TEMPO.CO, Jakarta - Otoritas Jasa Keuangan (OJK) akan mengumumkan program kebijakan baru terkait layanan keuangan berbasis teknologi (financial technology alias fintech), pasar uang, dan pasar modal pada 18 Januari 2018.
"Kami concern masalah fintech, bagaimana pendalaman pasar keuangan dan pasar modal supaya lebih aktif lagi. Detailnya nanti," kata Ketua Dewan Komisioner OJK Wimboh Santoso di Menara Prawiro, gedung Bank Indonesia, Jakarta, Selasa, 2 Januari 2018.
Baca juga: Dorong Solusi Pembayaran, Go-Jek Akusisi 3 Fintech. Siapa Mereka?
Sebelumnya, Wimboh mengatakan OJK akan menerbitkan aturan ihwal hedging (lindung nilai) dan perpetual bonds (obligasi abadi) tahun ini. Wimboh mengatakan aturan-aturan itu disiapkan untuk memberi kemudahan berinvestasi kepada para pelaku pasar.

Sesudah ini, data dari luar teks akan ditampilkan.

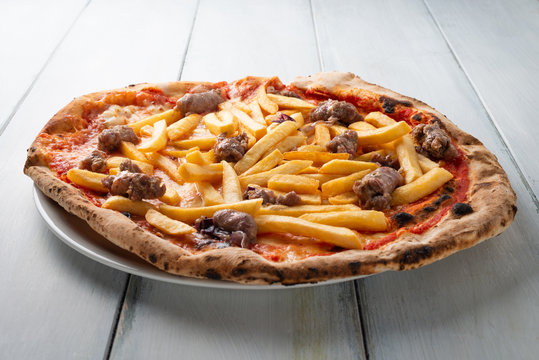 14 Best Pizza Con Patatine Fritte Images Stock Photos Vectors Adobe Stock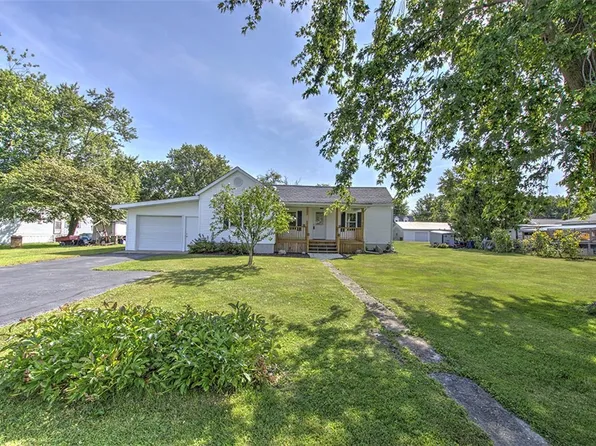 212 N Oak St, Maroa, IL 61756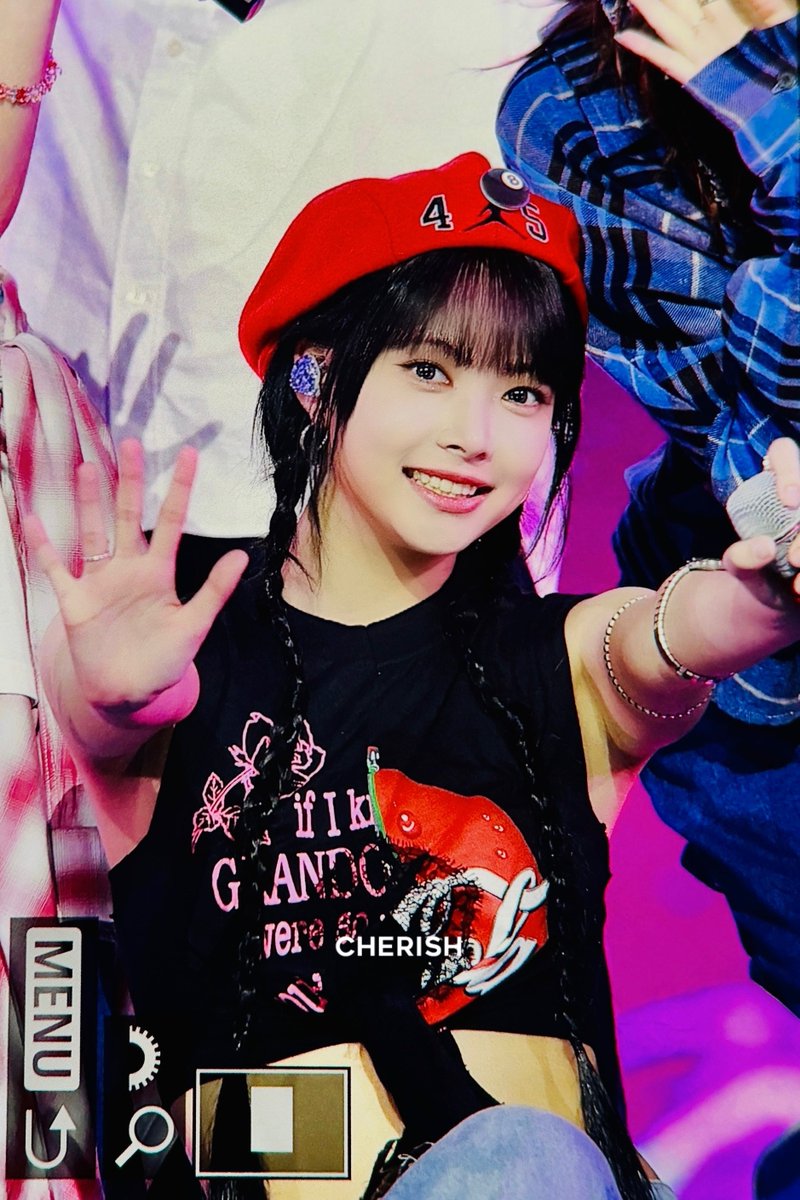 240721

#르세라핌 #LE_SSERAFIM 
#홍은채 #은채 #HONGEUNCHAE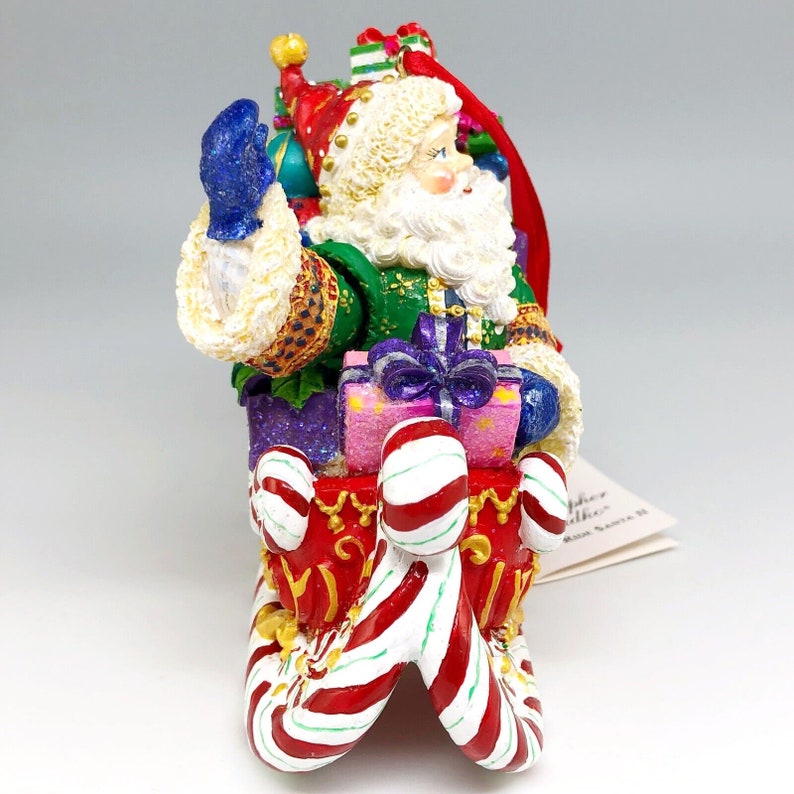 Christopher Radko Candy Ride Santa II, décoration de Noël en porcelaine peinte à la main, traîneau avec cadeaux, décoration de vacances vintage image 8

"Kami sediakan hedging yang lebih kompetitif currency-nya, yang lebih variatif, sehingga investor akan lebih percaya untuk tinggal. Investor yakin, pricingnya lebih terbentuk juga," ujarnya.

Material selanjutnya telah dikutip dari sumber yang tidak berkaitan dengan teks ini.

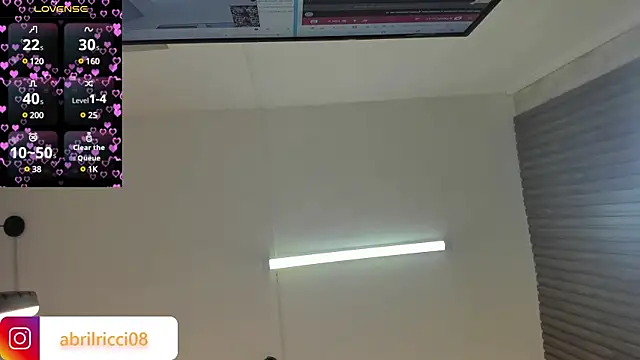 Snapshot of abril_ricci chatting on 02-27-25, 03:47 abril ricci online show from 02-27-25, 03:47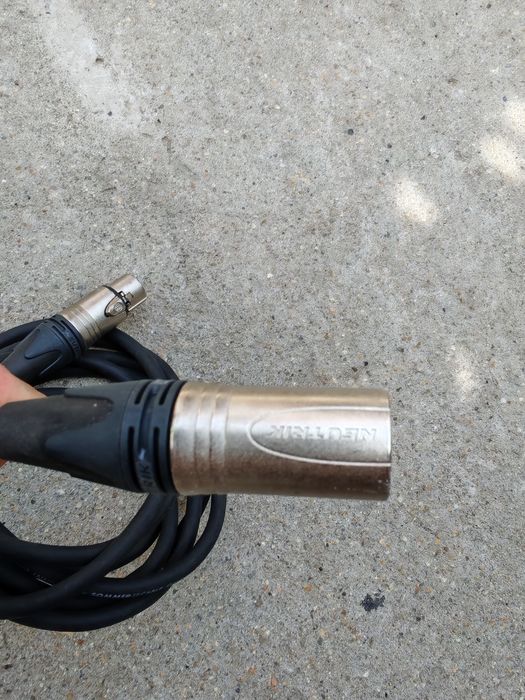 Cabluri boxe Neutrik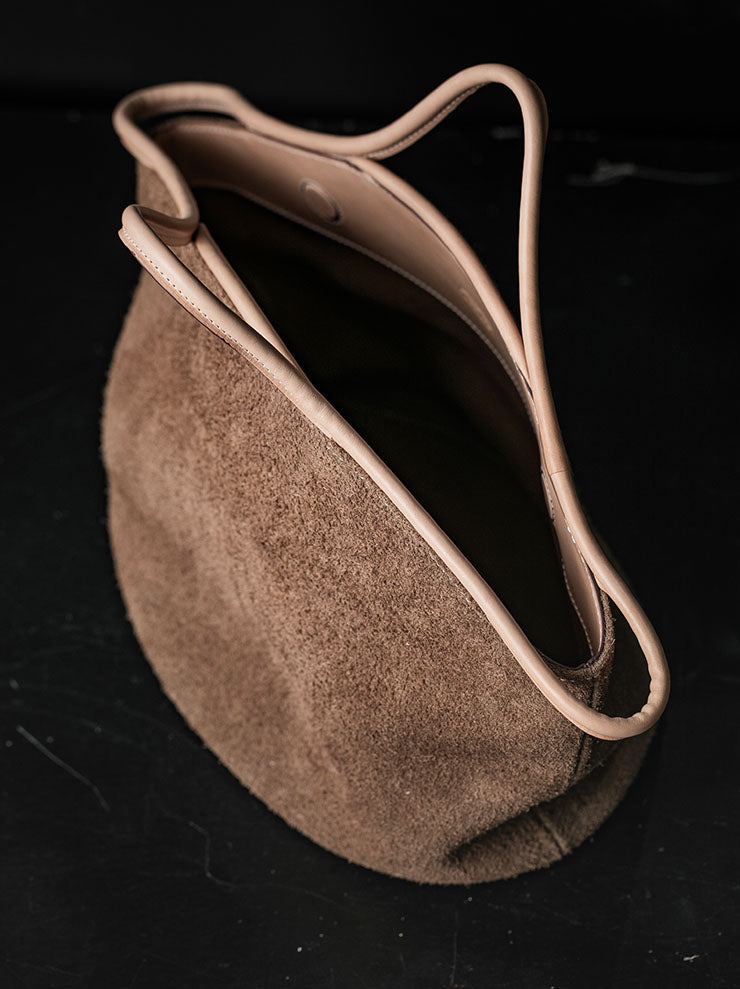 THE BACKWARD VENDOR<br>タイドホールドバッグ / Brown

OJK, lanjut Wimboh, masih akan terus mengeksplor agar ruang pembiayaan lebih besar dan instrumennya bervariasi. Namun, dia enggan merinci instrumen seperti apa yang bakal diumumkan 18 Januari 2018.
Wimboh sebelumnya mengatakan, OJK juga telah berkoordinasi dengan instansi terkait untuk membentuk layanan Fintech Center dengan skala nasional. Layanan tersebut berfungsi mengkoordinir penyelenggaraan kegiatan fintech tetap dapat tumbuh dan berkembang tanpa melupakan aspek keamanan dan juga perlindungan konsumen.

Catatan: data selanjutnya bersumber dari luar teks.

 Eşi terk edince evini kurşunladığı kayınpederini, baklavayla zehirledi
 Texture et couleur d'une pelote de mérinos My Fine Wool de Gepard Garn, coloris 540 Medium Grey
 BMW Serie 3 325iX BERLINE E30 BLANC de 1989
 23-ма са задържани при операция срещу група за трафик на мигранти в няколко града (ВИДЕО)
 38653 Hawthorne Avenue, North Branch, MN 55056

"Kami tidak mau nantinya fintech ini disalahgunakan oleh masyarakat. Seperti untuk melakukan tindak pencucian uang, terorist financing dan lain-lain," ujarnya.
Wimboh mengatakan, hingga kini terdapat 27 perusahaan fintech pear to pear lending yang telah terdaftar dan memiliki izin operasi dari OJK. "Ditambah ada 32 perusahaan lagi yang masih dalam proses pendaftaran," ujarnya.
Wimboh berujar bahwa total pembiayaan bisnis fintech hingga kini telah mencapai angka Rp 2,26 triliun dengan total 290.335 peminjam. "Itu jumlah yang cukup besar," ujarnya.